I tried for years to quit alcohol, caffeine, excess sugar (whilst I fell back in the trap of excess sugar in a time of extreme life changes, I've since removed it again). Back 10 or so years ago I used to work out daily, I got myself up to 7 miles a day running and I was topping out at 8-9 mph. I worked out 5 times or more a week, all for 2-3 hour workouts. And you know what it worked. It got me down to the lowest weight I had been in 10 years. I had little body fat, I looked good, I felt good. But I had no other goals in life. I was filling my time with things that made time just go by. After my workouts I'd sit in the gym and look around at the people and wonder what they were thinking about as they pushed themselves. Why were they doing it? Why were they there? Were they going through similar things?
And then, I got hurt. I had to limp home. I had injured my knee so badly it swelled to double the size that night.
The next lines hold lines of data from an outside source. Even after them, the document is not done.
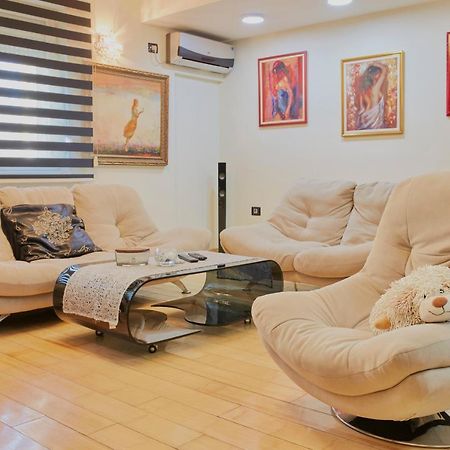 סקופיה Diamond Butterfly Apartment מראה חיצוני תמונה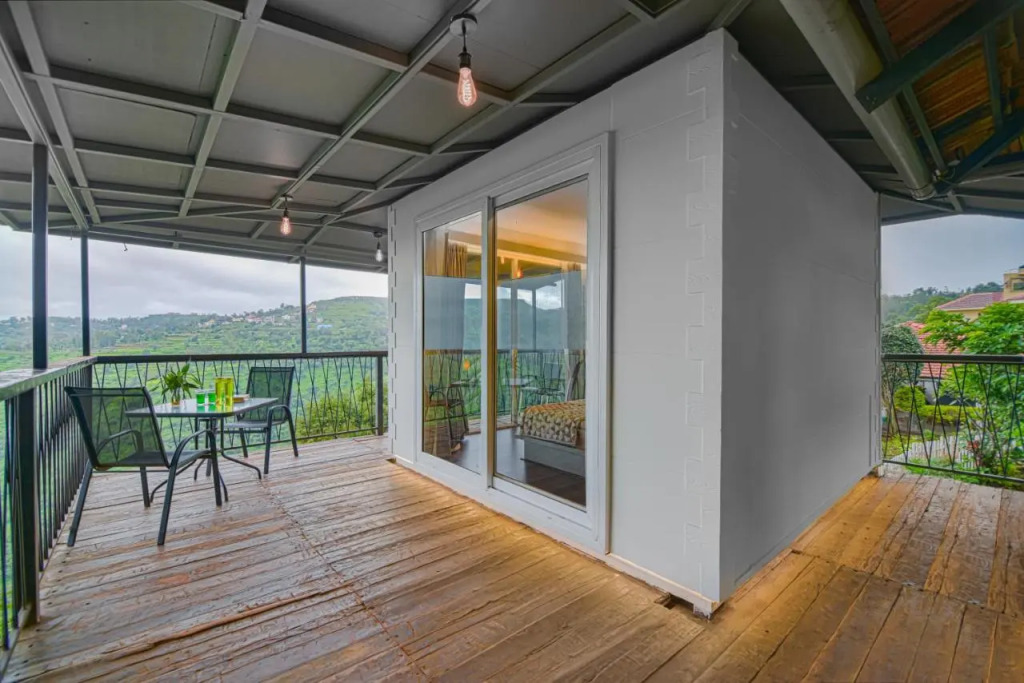 SaffronStays Verandah by the Valley, Panchgani - luxury villa and treehouse with beautiful valley and lake views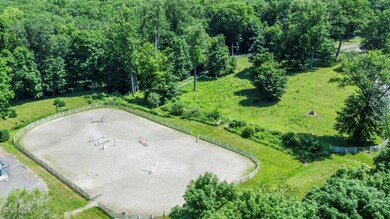 DE_35_Farwell_Ln_Greenwich_CT_DR6_12_201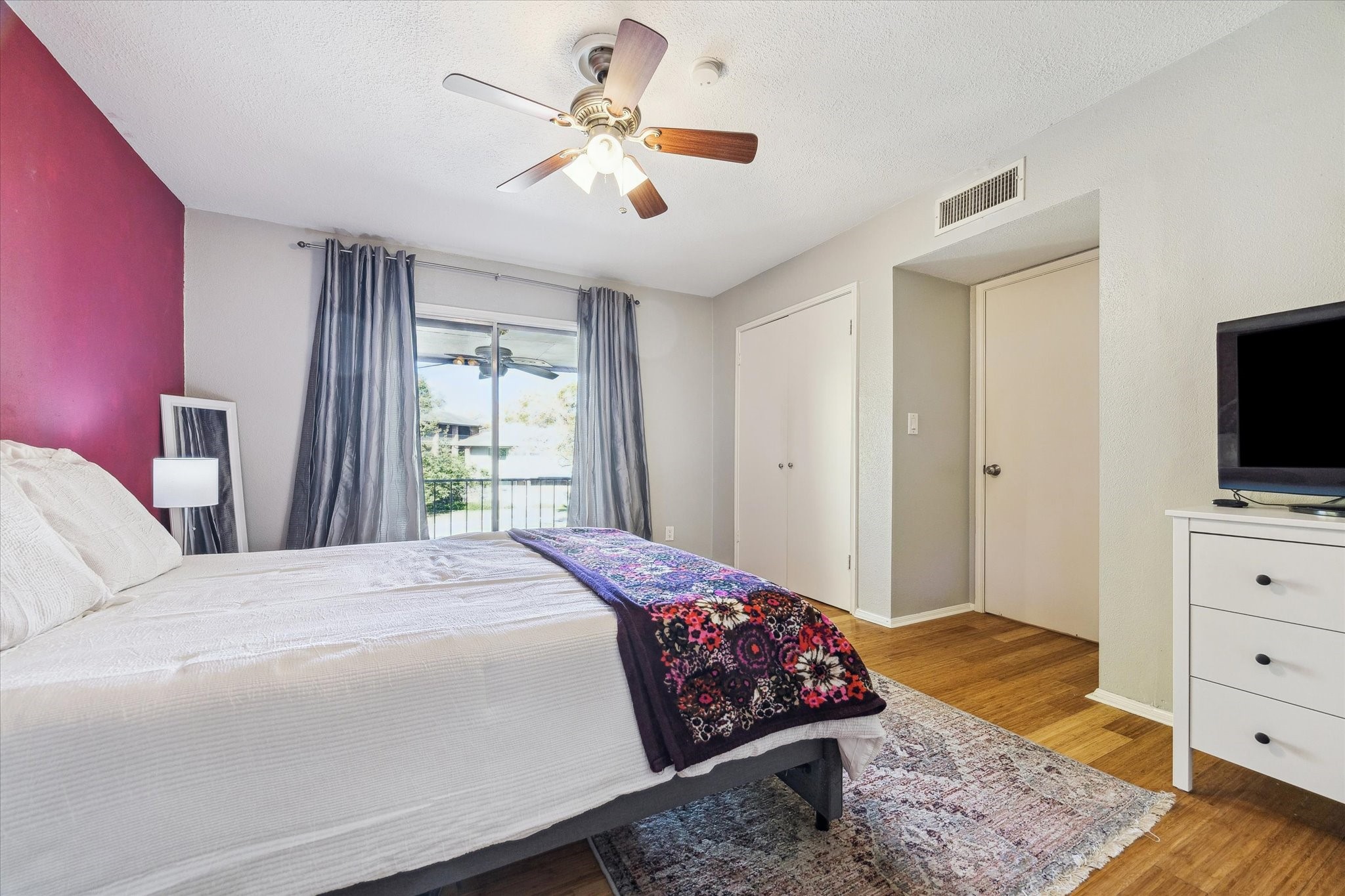 6465 Bayou Glen Road Houston, TX 77057 - Photo 9 of 15 a bedroom with a bed and a flat screen tv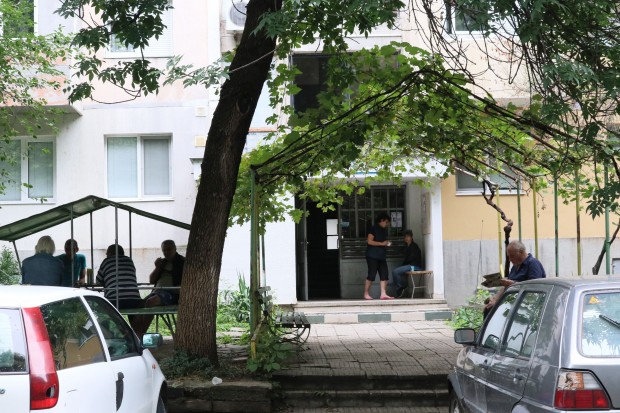 Четирима души са задържани заради стрелбата по охранител в Пловдив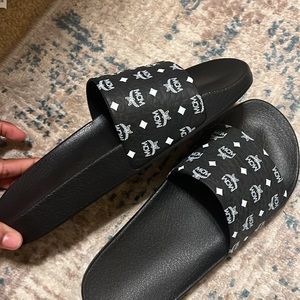 Black mcm slides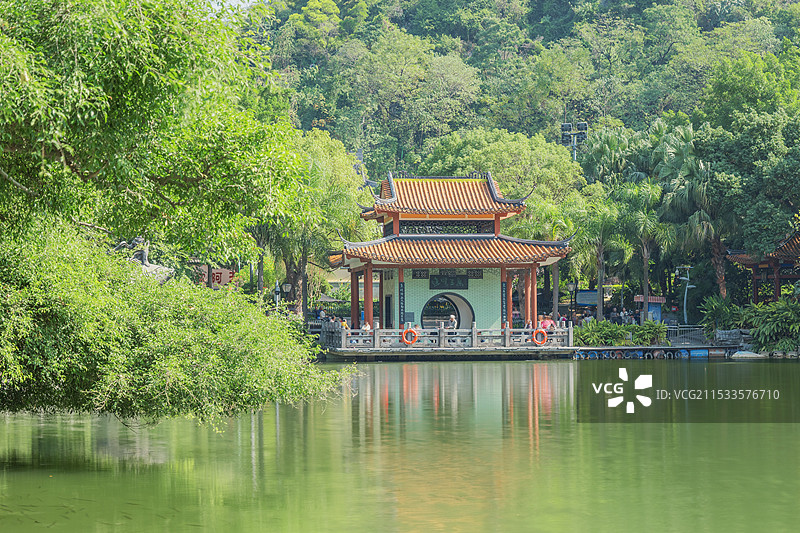 广西柳州立鱼峰风景区鱼峰公园灵泉阁图片素材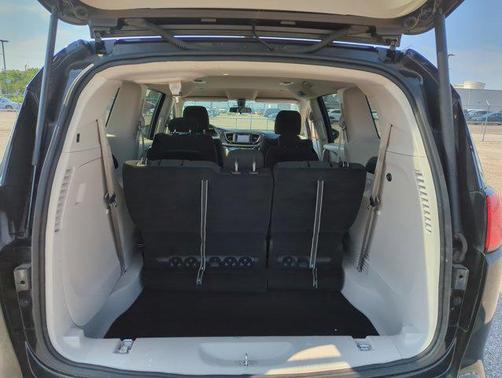 2022 Chrysler Voyager LX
And it all came crashing down. I started taking 6 Advil a day because I wouldn't go to the doctor, no, my pride was too much. I toughed it out. I made myself suffer needlessly because I was too prideful. I slowly started gaining weight again. I bludgeoned myself constantly. I started drinking obnoxious amounts under the guise "I can quit any time." and my least favorite "I need it." I hit my heaviest weight at 230, my pants weren't fitting, my wallet was thin as a sheet of paper. God damn, how disgusting a thought that I even let myself get that bad. Right, anyways, moving on. It took me 15 years to kick the bad habits. And instead of just talking to someone about it, I believed the lies I told myself. I was a self-loathing, angry, upset person inside but on the outside I could be a really nice person. I could be anyone's friend. Unless you really knew me. There were a few people who really knew me, but not many. I had my walls up because I didn't want people in.
Life is a vanity project for a lot of people. And I don't say that to mean mine is any different. We all have a desire to want to be remembered for the good, well most of us at least. No one wants to remember the bad. No one wants to be associated with failure. Yet as Emil Cioran had stated "Written into every failure is a formula." I woke up one day and said "enough's enough." I had hit rock bottom. I had hit the lowest point that I wanted to go.
Distinctly discovering oneself, dividing the decisions into subsequent smaller decisions is where you have to be in order to make a change matter. Where you have to be to make a change stick.
You will fail, and that's ok. If you know you failed, accept it and find your path to get back on. Another idea from Emil Cioran, "You always commit suicide too late. Wait another day. See what happens tomorrow. There's always tomorrow." There IS ALWAYS tomorrow. Until your time is through on this earth, remember what Annie said "The sun'll come out tomorrow." Take this proverbial saying as a sign that the door was always open. You are in control of your own life. Take a moment to thank those who give you gifts wrapped in sandpaper. Without them you wouldn't be where you are. You wouldn't be the amazing person you are. You wouldn't have broken down the wall, queue Pink Floyd "Tear down the wall! Tear down the wall!"
Embrace the suck because, if you only do it once in your life it could be the life changing moment you were looking for.